Elite Athlete Self-Description Questionnaire
The PSC instruments discussed thus far may be suitable for elite athletes (e.g., Marsh et al., 1995). There may, however, be other components to PSC that are particularly relevant for elite athletes, and thus the Elite Athlete Self-Description Questionnaire (EASDQ; Marsh, Hey, Roche, et al., 1997; Marsh, Hey, Johnson, & Perry, 1997) was developed to address these other components. For the EASDQ, it was hypothesized that overall performance by elite athletes is a function of skill level, body suitability, aerobic and anaerobic fitness, and mental competence. Thus Marsh and colleagues developed the EASDQ to measure these six factors. For each scale, they developed a pool of items that sport psychologists at the Australian Institute of Sport evaluated for their suitability for elite athletes. Pilot studies were conducted to select the best items to represent each factor.
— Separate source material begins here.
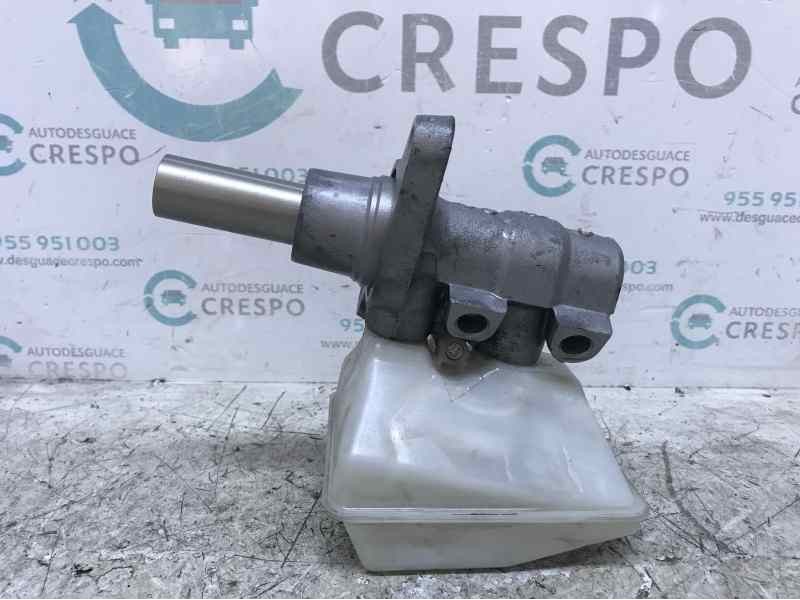 BOMBA FRENO 9654002180  - imagen 2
A compromise between brevity and psychometric soundness was achieved, with acceptable levels of reliability (e.g., all scales having reliability estimates of at least .8) based on short scales (4-6 items per scale).
EASDQ research demonstrates (a) adequate reliability (median coefficient alpha of .85) across the six scales (Marsh, Hey, Johnson, et. al., 1997); (b) a well-defined, replicable factor structure as shown by CFA (Marsh, Hey, Johnson, et. al., 1997; Marsh, Hey, Roche, et al., 1997); (c) applicability for elite athletes aged 12 y or older (Marsh, Hey, Roche, et al., 1997); and (d) predictive validity as shown by its ability to predict swimming performances in world championships after controlling for previous personal best performances (Marsh & Perry, 2005). In summary, the EASDQ is a reliable and valid instrument for elite athletes of all ages. More research is needed, however, to relate EASDQ responses to external validity criteria such as those used in PSDQ research and to criteria that are more specific to elite athletes (e.g., actual performance in competition).